■ **What the task requires**
Repeat the listing exactly. Do not carry over any pictures.

■ **Supplied material**
<<<<

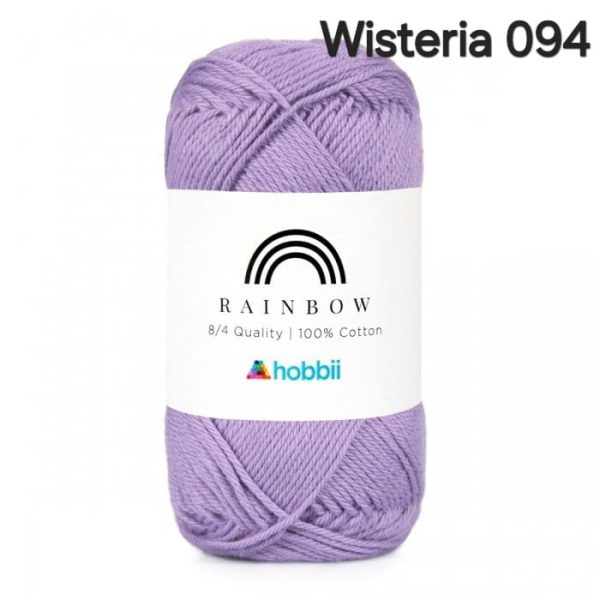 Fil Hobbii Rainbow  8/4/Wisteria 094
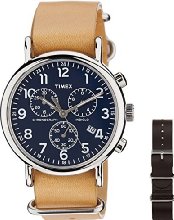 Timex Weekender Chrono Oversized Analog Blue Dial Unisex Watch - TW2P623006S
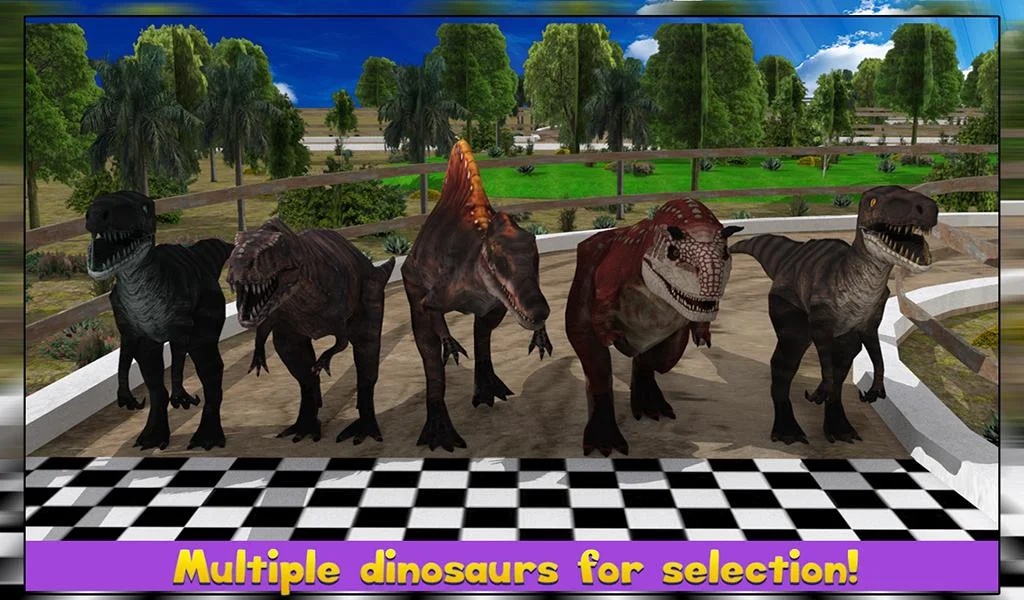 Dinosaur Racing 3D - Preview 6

>>>>

■ **Answer**
 Fil Hobbii Rainbow  8/4/Wisteria 094
 Timex Weekender Chrono Oversized Analog Blue Dial Unisex Watch - TW2P623006S
 Dinosaur Racing 3D - Preview 6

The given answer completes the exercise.